In a phase 1b trial, NX210c repaired the blood brain barrier, and had “significant and sustained” effects on the pathways in neuroprotection and neurotransmission. The biotech expects to publish phase 2 results in the second quarter of 2026.
MediciNova is also anticipating a phase 2/3 trial readout next year for MN-166, a small molecule PDE4 inhibitor targeting inflammation in ALS patients. The company began enrolling participants in an NIH-funded expanded access program trial in April, with the goal of enrolling 20 ALS patients not eligible for the ongoing trial.
Interim study results found “positive correlations” in six- and 12-month data for a common disease outcome score, according to the company.
Coya’s inflammation target
Houston-based Coya Therapeutics is preparing to start phase 2 testing in the second half of 2025 with its ALS drug candidate COYA-302, which is also being tested in frontotemporal dementia, Alzheimer’s disease and Parkinson’s disease. The dual-mechanism biologic targets the overactive immune system, and leverages a combination of a low dose IL-2 and CTLA4-lg fusion protein to reduce inflammation through Treg cell enhancement.
According to Swaminathan, targeting Tregs, a subset of T cells, may be key to reducing disease progression of ALS.
“When Treg function declines, the disease progresses more rapidly and patients die earlier,” he said. “Combination approaches that enhance and ‘fix’ Tregs suppress neuroinflammation resulting in the potential to slow or even stabilize progression in ALS patients.”
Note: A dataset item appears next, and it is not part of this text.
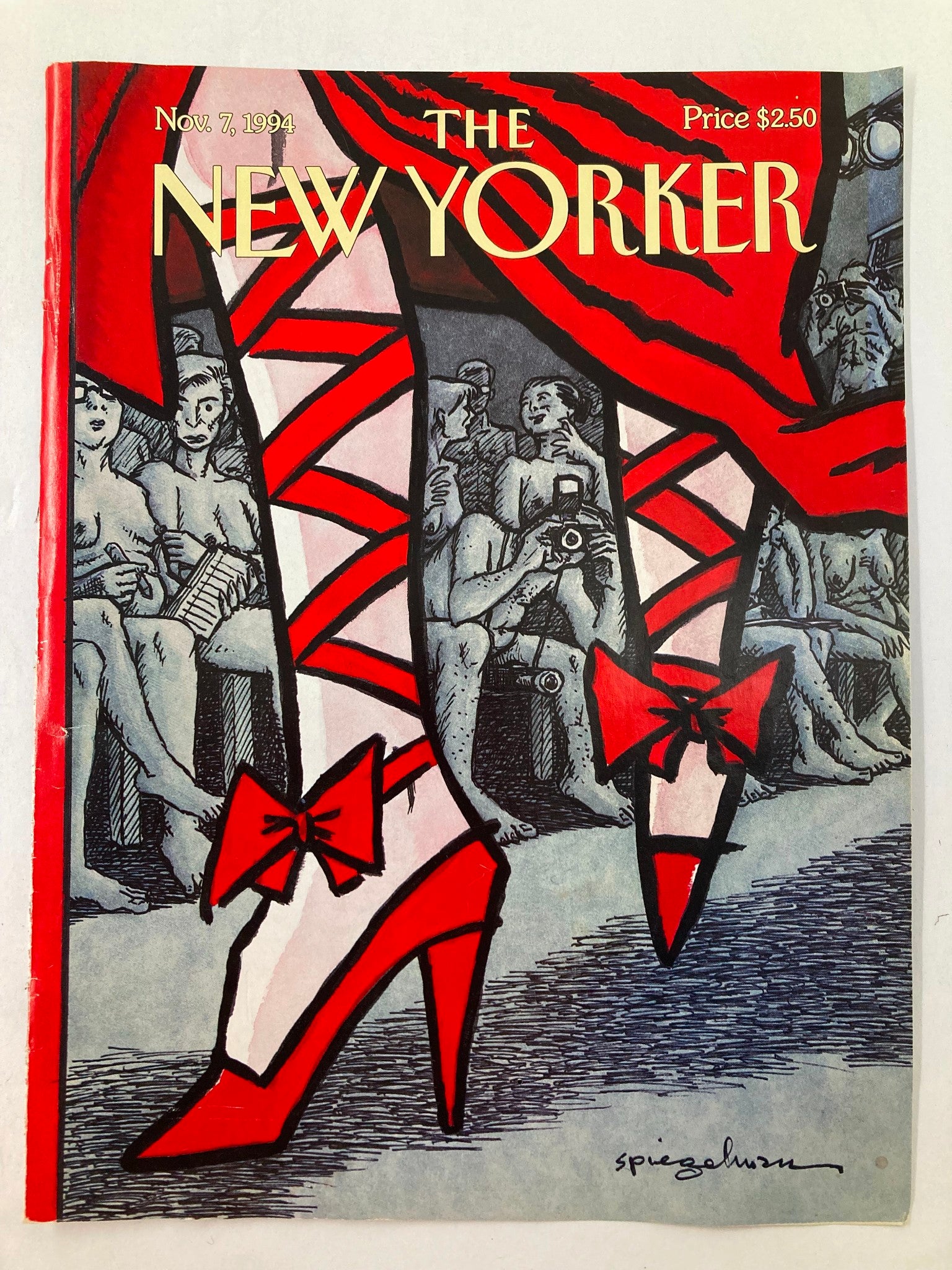 COVER ONLY The New Yorker November 7 1994 Red Laces by Art Spiegelman No Label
Top-line results from the phase 2 trial are expected in the second half of 2026, according to Coya. In addition, Coya plans to publish data on biomarker and oxidative stress markers in 2025.
Coya is not the only pharma targeting T cells. Rapa Therapeutics is in phase 2/3 testing for its T cell therapy, RAPA-501. However, unlike Coya’s biologic combination, RAPA-501 is an ex vivo cell therapy that modifies T cells to produce an anti-inflammatory response. The study is expected to reach its primary completion in July 2026.
Amylyx’s next early option
Following its failure with Relyvrio last year, Amylyx hasn’t given up on finding a new ALS treatment. Earlier this month, the company received a fast track designation from the FDA for AMX0114, an investigational antisense oligonucleotide that targets the calcium-activated protease calpain-2.
Amylyx is currently in phase 1 testing after dosing the first trial participants in April 2025. Early cohort data is expected later this year. The company got the OK from the FDA in January to move forward with the early-stage trial after the agency put a hold on testing due to dosing questions.